In the electronic musical instrument to which the present invention is applied, the tone color designation method according to the present invention and the conventional tone color designation method may be selected. Further, in order to enable accompaniment, the tone color designating method of the present invention may be applied and the key depression counter may be incremented only when a specific range of the keyboard is played.

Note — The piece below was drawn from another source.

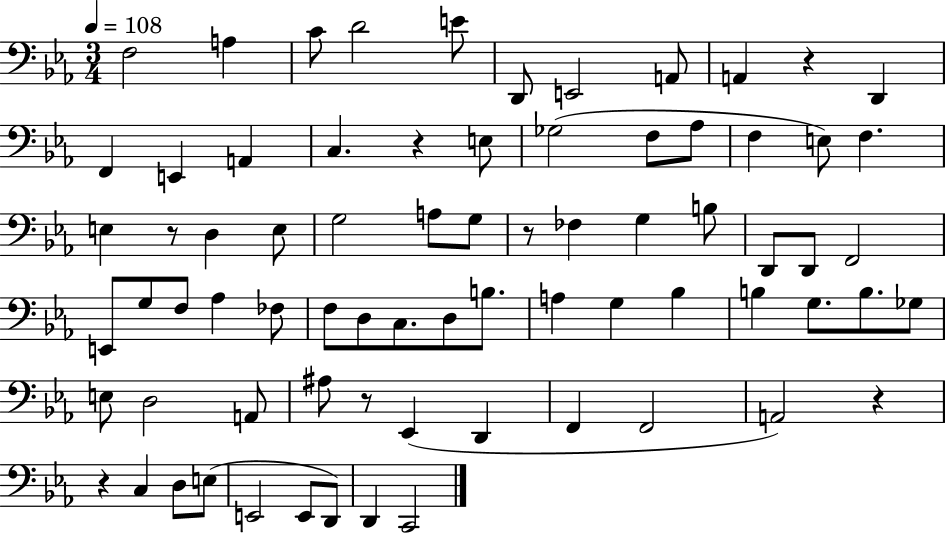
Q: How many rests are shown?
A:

In this case, the conventional tone color designation method is adopted for a range outside the specified range.

[0034]

As described above, according to the present invention, it is possible to automatically change the timbre each time the performer presses the keyboard. There is an effect that the singing voice that has been possible can be performed. In addition, even if the tone color of a musical instrument such as drums is used, it is possible to obtain a performance effect that has not been available in the past.

[Brief description of drawings]

FIG. 1 is a block diagram showing a hardware configuration of an electronic musical instrument.

FIG. 2 is a block diagram showing a hardware configuration of a tone generator circuit.

FIG. 3 is a diagram showing an example of a tone color designation number conversion table.

FIG. 4 is an explanatory diagram showing the flow of data during performance.

FIG. 5 is a flowchart showing a process at the time of interruption by a timer.

FIG. 6 is a flowchart showing the processing of a main program.

FIG. 7 is a flowchart showing details of key-on processing.

[Explanation of symbols]

1 ... CPU, 2 ... ROM, 3 ... RAM, 4 ... Interface circuit, 5 ... Keyboard, 6 ... Panel, 7 ... Sound source circuit, 8 ... Waveform memory, 9 ... D / A converter, 10 ... Amplifier, 11 ... Speaker

Claims (2)

[Claims] 1. Storage means for storing a plurality of tone color information in association with the number of times of sounding, counting means for counting the number of times of sounding, reading tone color information from the memory means based on the output of the counting means, An electronic musical instrument comprising: a tone generation control circuit for controlling a tone color of a tone generated by tone color information. 2. The electronic musical instrument according to claim 1, wherein the timbre includes a timbre of a human voice.